The Institute of Chartered Accountants of Nigeria (ICAN) and other groups yesterday disagreed over two bills -Bill for Chartered Institute of Forensic and Investigative Auditors (CIFIA), and the Bill for Chartered Institute of Forensic Accountants of Nigeria (CIFAN).
The promoters of the two bills during a Senate public hearing said the main objective was to entrench forensic accounting and audit in financial investigations of public and private entities.
This, according to them, would help in generating reports that could be tendered and admitted in court for the prosecution of financial crimes.
Presenting their memoranda at the session, promoters of the CIFAN, Prof Usman Ali Awheela and CIFIA, Mrs. Victoria Ayishetu Enape complained that their members are not being allowed to practice forensic accounting and auditing as there was no enabling laws to that effect.
Mrs.

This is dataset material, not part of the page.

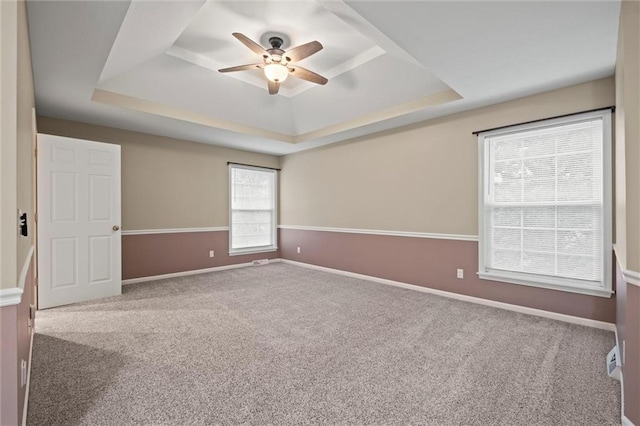 12343 Pinehurst Dr, Kansas City, KS 66109 - unfurnished room featuring a tray ceiling, a ceiling fan, and carpet floors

Enape said: “If the Bill for Chartered Institute of Forensic Accountants of Nigeria is passed, it will help Nigeria to have skilled professionals to deepen the fraud prevention, detection and preserve money in government treasury for infrastructural development that is fast disappearing in our country today.”
She dismissed fears among stakeholders that the establishment of the proposed professional bodies would trigger conflict with ICAN and other existing accounting bodies.
Also, Awheela argued that forensic accounting is the unique blend of education and experience in applying accounting, auditing skills and investigative techniques to uncover truth, form legal opinions in order to assist in litigation support.
“Forensic accounting professionals provide assistance on cases which are primarily related to calculation and estimation of economic damages and related issues that include white-collar crimes,” Awheela added.